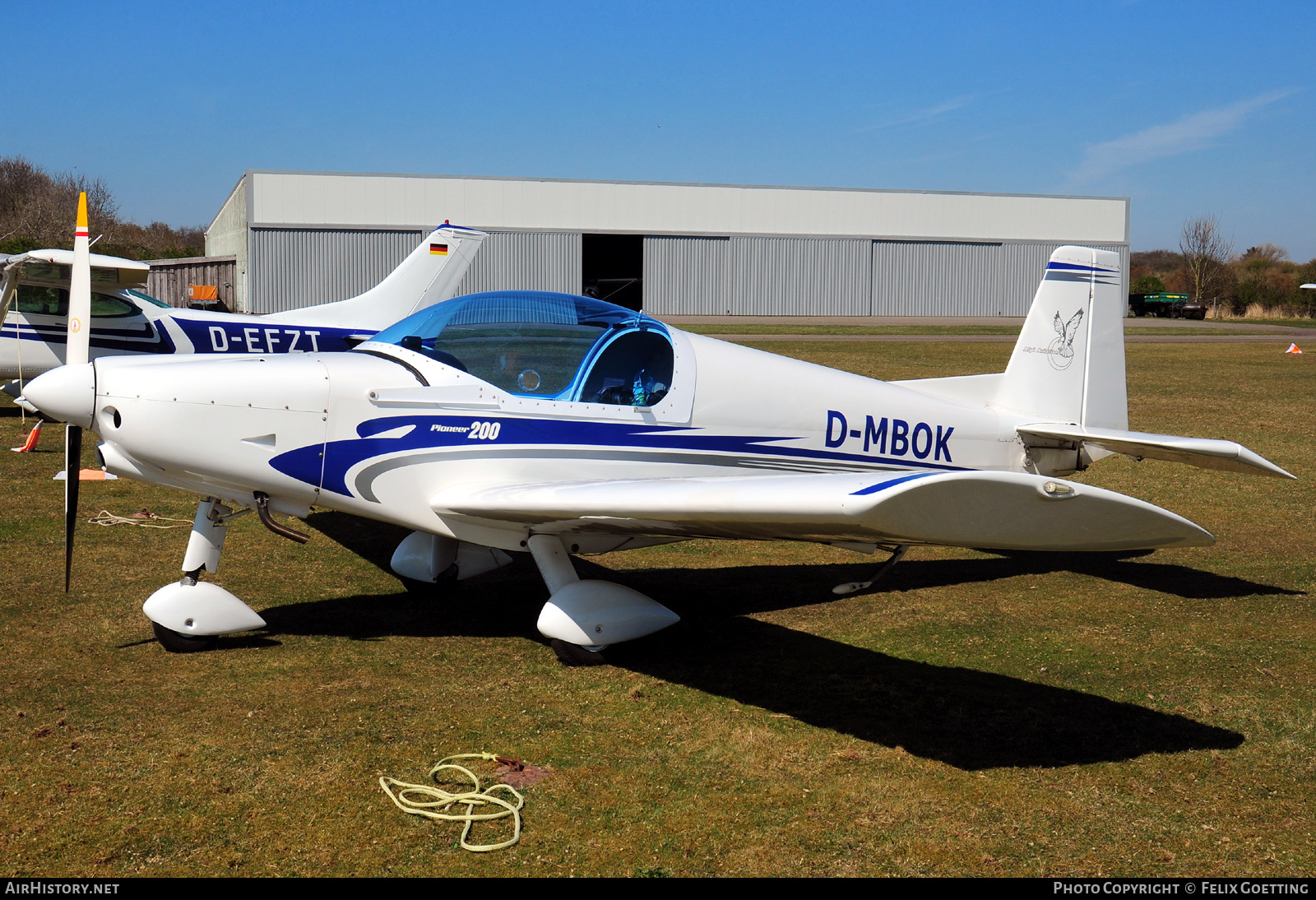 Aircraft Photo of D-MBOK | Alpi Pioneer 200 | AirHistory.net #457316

...

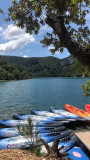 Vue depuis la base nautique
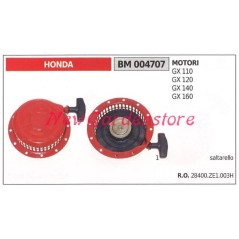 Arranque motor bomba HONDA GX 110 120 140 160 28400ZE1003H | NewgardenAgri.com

- REQUIREMENT -
To complete this exercise, transcribe exactly the lines above from the one that holds "Vue depuis la base nautique" through the one that holds "Arranque motor bomba". Pictures stay out.

- WRITTEN REPLY -
 Vue depuis la base nautique
 Arranque motor bomba HONDA GX 110 120 140 160 28400ZE1003H | NewgardenAgri.com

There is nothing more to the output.